A 41-year-old male smoker with extensive prior travel to Haiti and multiple Asian countries developed painful, non-healing wounds along the right posterior thigh for 2 months. He was initially treated with incision and drainage, debridement and multiple courses of antibiotics. Upon referral to a dermatologist, examination revealed two adjacent ulcers, 8 cm and 5 cm, with fibrinous tissue at the base and violaceous, undermined edges. There was no lymphadenopathy. Punch biopsy from the edge and base of the ulcer demonstrated pseudoepitheliomatous hyperplasia and non-necrotizing granulomatous infiltrates. Tissue cultures were negative for fungi and mycobacteria. Progression of his wounds prompted additional biopsies, which showed an atypical lymphocytic infiltrate with large cells. Immunohistochemical stains were positive for CD2, CD43, EMA and CD30 and negative for ALK-1. Beta and gamma T-cell receptor genes were monoclonal. These findings were consistent with anaplastic large cell lymphoma (ALCL). A workup for systemic disease was negative; imaging was negative for nodal or metastatic disease. A diagnosis of primary cutaneous ALCL (pc-ALCL) was made, and the patient underwent local radiotherapy.

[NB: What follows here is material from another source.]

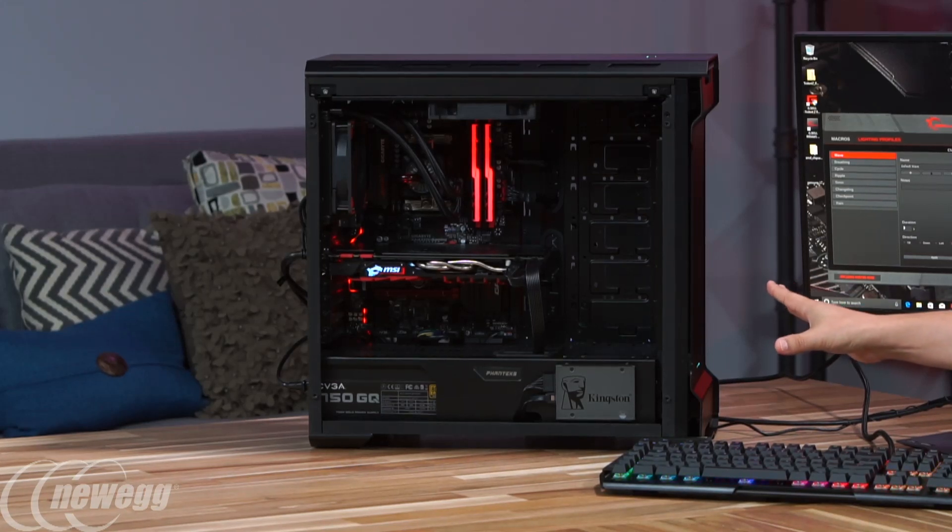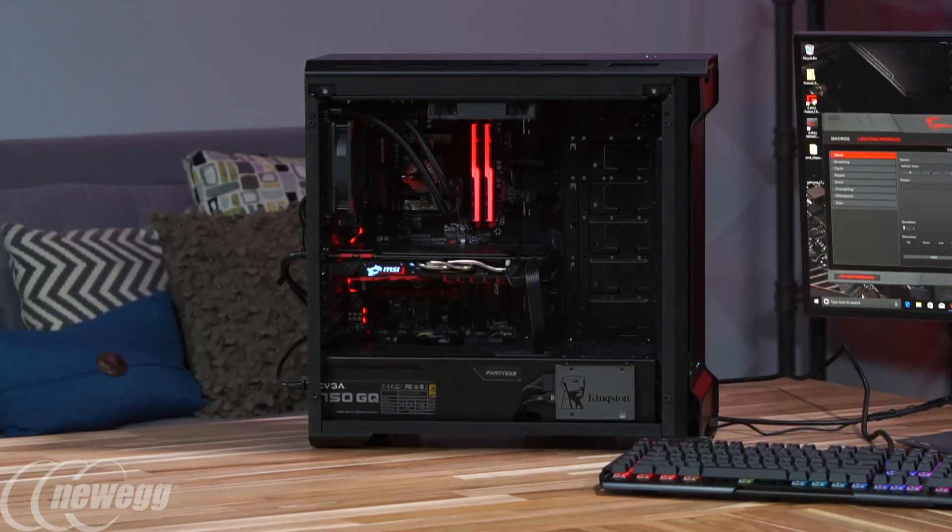We've got to talk about what makes this RAM so exciting — besides the fact that it's gorgeous. We're looking at it right here, right now. A big shout-out to the Newegg Tech crew, giving us this really awesome open setup. This is a pretty hot-spec gaming PC, and it's just open and totally silent, which makes me super excited.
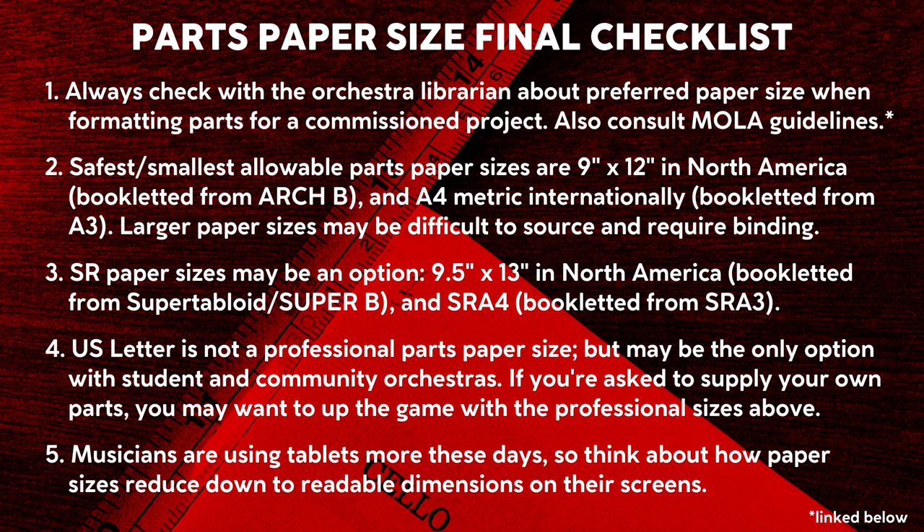A few years ago, I released an orchestration question video on paper sizes for full scores, and as most of the information in that video is still fairly up to date, I'll let it stand — with the admission that I flubbed things a bit by not being clear enough about professional sizes for instrument parts. Hopefully this video will make amends to all my mildly outraged orchestra librarian friends across the world. See you soon for the next video in this series all about formatting parts.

Granulomatous infiltrate in lesions of cutaneous lymphoma is an uncommon but well-recognized phenomenon. A prominent granulomatous reaction was observed in 1.8% of patients with cutaneous lymphoma; the same report observed that in approximately 30% of cases, a diagnosis of granulomatous dermatitis preceded the correct diagnosis for a period of 1 to 216 months. Also, expression of EMA in pc-ALCL is rare.

We highlight the importance of sequential biopsies and clinico-pathologic correlation in cases of “unusual” granulomatous dermatitis.